– PORTLAND – The Jewish New Year, or Rosh Hashana, begins at sundown tonight and continues through Friday evening. Rosh Hashana is a festive time, with families and friends gathering to eat together, with special challah bread and an apple dipped in honey to symbolize the hope that we have a sweet year.

The holiday also begins an important time in the Jewish tradition for individuals to examine how we are leading our lives. There are 10 days of repentance between Rosh Hashana and Yom Kippur (which occurs this year on Oct. 7 and 8), and this is a time of reflection for Jewish people.

When we look outside in the nature around us in Maine, we are able to go leaf peeping and see the beauty of the world. In Judaism, we are also now supposed to be going “soul peeping,” exploring the soul’s innermost variations and colors.

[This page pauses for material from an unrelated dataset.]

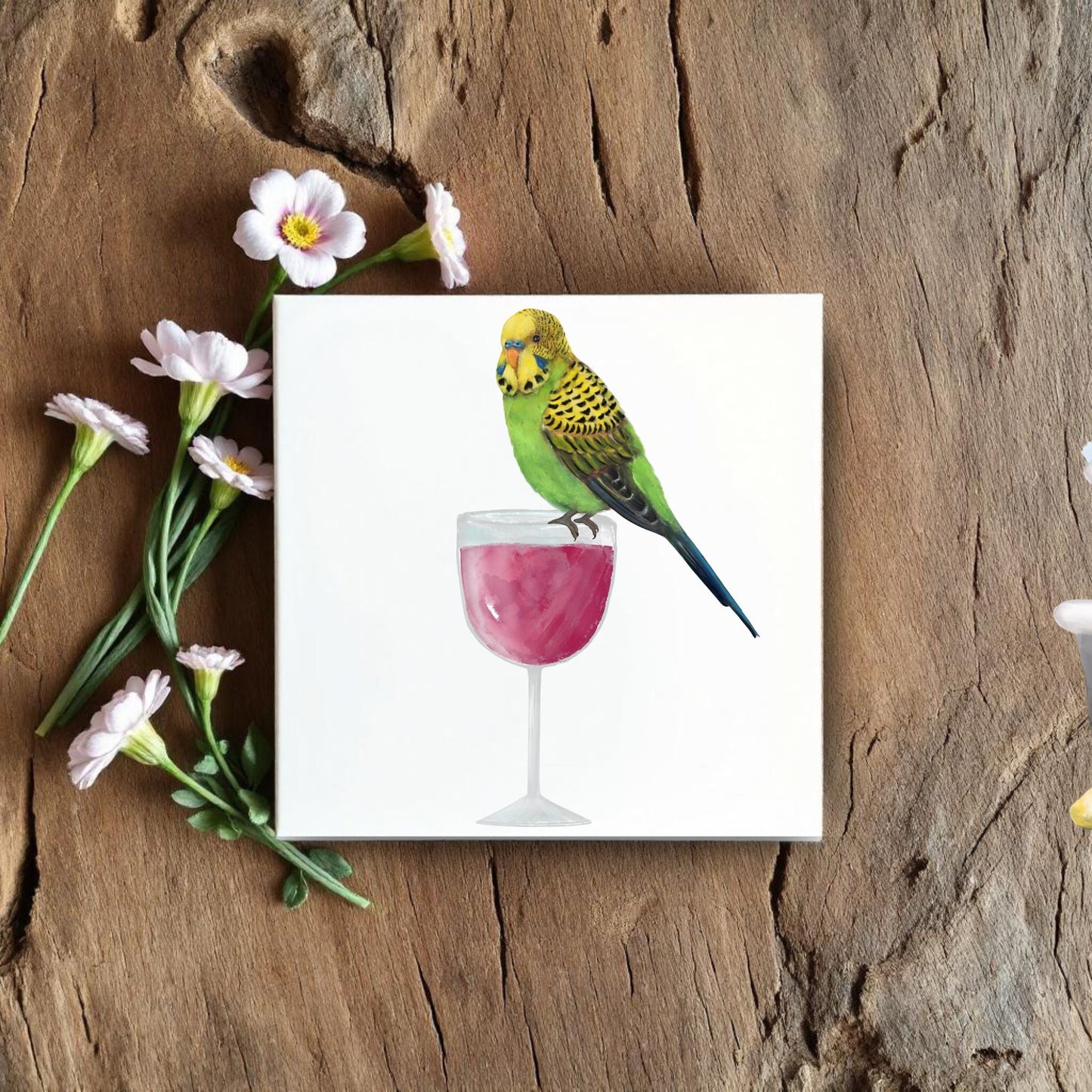 Budgerigar on Wine Glass Ceramic Tile - MerikaArt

Every person’s soul has a special intensity or lightness of color that varies with time and age. We are capable of different good actions at different stages in life.

This is what I mean by soul peeping. We have to look inward and find out what good deeds we are now capable of performing.

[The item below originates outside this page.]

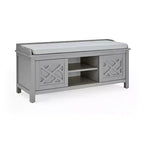 Banc de rangement en bois Middlebury de 45 po avec coussin amovible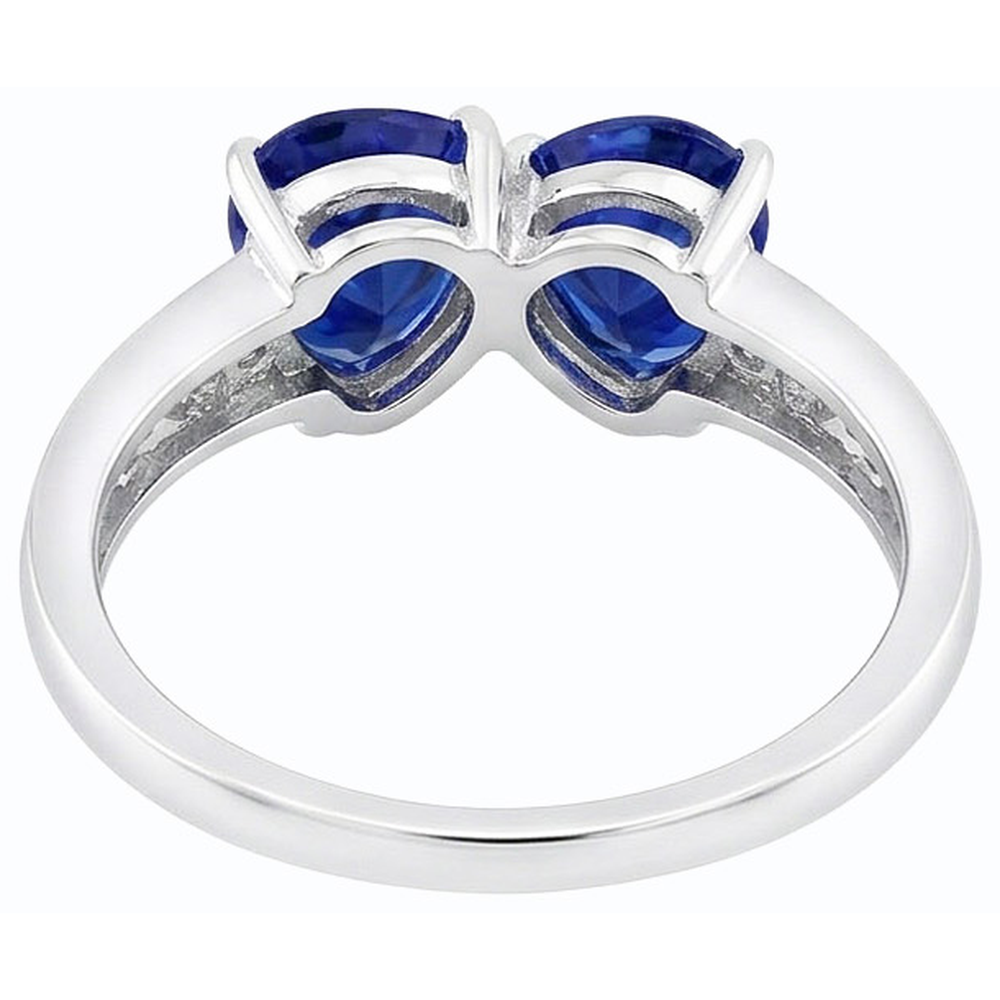 Toi et Moi Heart Ceylon Sapphire Natural Earth Mined Diamond Ring Filigree 2.25 Carats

On Rosh Hashana, God is said to sit on his throne of judgment deciding on the fate of all humanity. It is said that every good deed that we do in the world can influence the scales of justice in heaven to bend toward divine mercy and compassion.

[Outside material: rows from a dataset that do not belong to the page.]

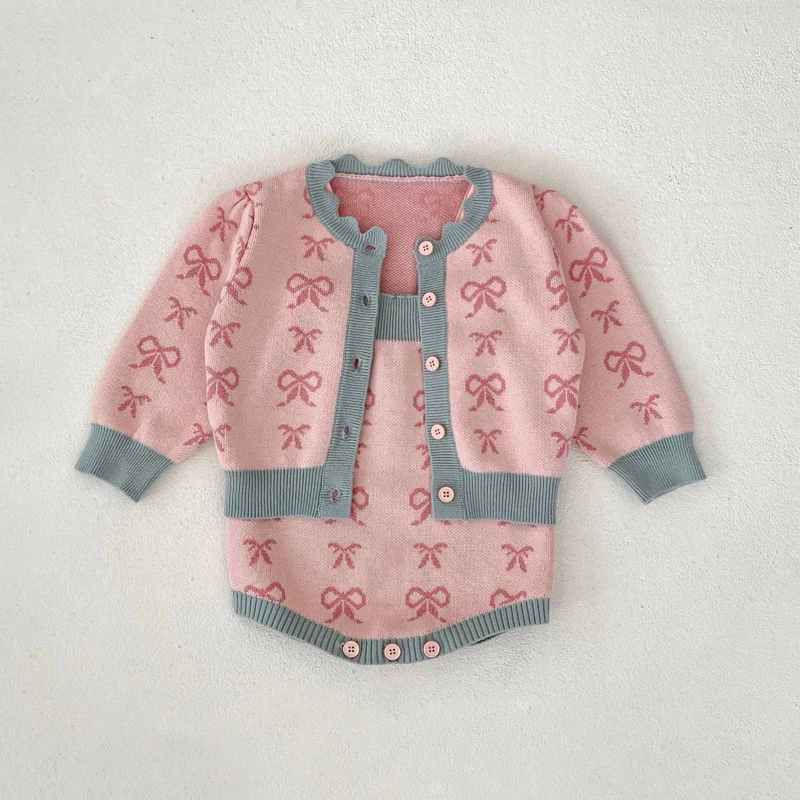 Autumn new model for 0-3 years old baby clothing, shell collar, bow bow lifting, knitted long-sleeved cardigan + onepiece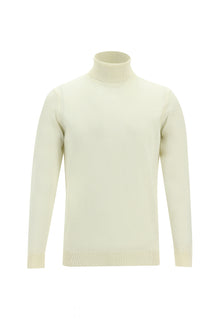 Kırık Beyaz Balıkçı Yaka Regular Fit Yünlü Triko Kazak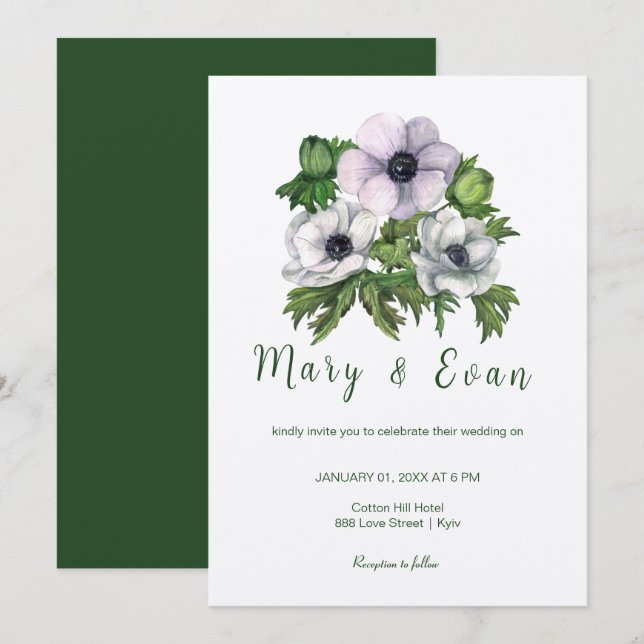 Anemone flowers are purple-gray wedding invitation (Front/Back)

The highlight of the day on Rosh Hashana is the blowing of the shofar, or ram’s horn, in the synagogue.

The blast of the shofar can be heard on two different levels. In our world, the shofar blast awakens the listeners to perform teshuva, a Hebrew word that means “return.”

In the same way that an alarm clock can wake us up from our nighttime slumber, the shofar blast jolts people to “Wake up!” and start the process of returning to reclaim our identity. The shofar blast should enable us to change paths and start life in a new and better direction.

This is one explanation of the shofar blast – that the sound awakens us to lead better lives.

A different mystical explanation of the sound of the shofar speaks to the idea that the blast of the horn resonates with hidden meanings that can elevate our prayers toward the highest chambers of heaven, to the throne of the all-powerful God. That sound can cause God to pay attention to us.

This past weekend at the Portland Marriot at Sable Oaks, I heard former Gov. Angus King speak at a dinner honoring Rabbi Harry Sky for Sky’s 50 years of service in Maine.

The former governor, while roasting Sky in a good spirit, also talked briefly about religion and about the “truth.” He spoke about the need to appreciate the truths of different religions.

King said that when he was younger, he had a friend who used to say that, “God is the only one who has the truth in the world and God is not paying attention.”

While King may have said those remarks in jest, in tune with the rest of his friendly and humorous remarks that evening, the theological idea made me pause to consider the concept that God was not listening.

When we look at all the suffering in the world and consider all the people in physical pain or financial distress, it might be hard to see how God is paying attention. Nevertheless, tradition teaches that God is waiting for us to return to him and that God can help us.

With the shofar blast on Rosh Hashana, we not only try to awaken ourselves to do good, but we also try to awaken God as well to heed our prayers and show compassion to us.

The mystical idea in Judaism teaches us that the blast of the shofar carries with it a unique sound. The shofar blast is so powerful that it can pierce the highest chambers of heaven and cause God to hear and answer us.

Ultimately, we do not know what is going on up above, but one thing is for certain. We can hear the sound of the shofar in this world.

We can let the sound pierce our souls and cause us to alter our behavior, so that we to behave with the principle of holiness in all our actions.

The shofar is the symbol of the Jewish New Year. With each New Year we have great reason to celebrate life.

The shofar sound tells us that we can celebrate life by taking life seriously.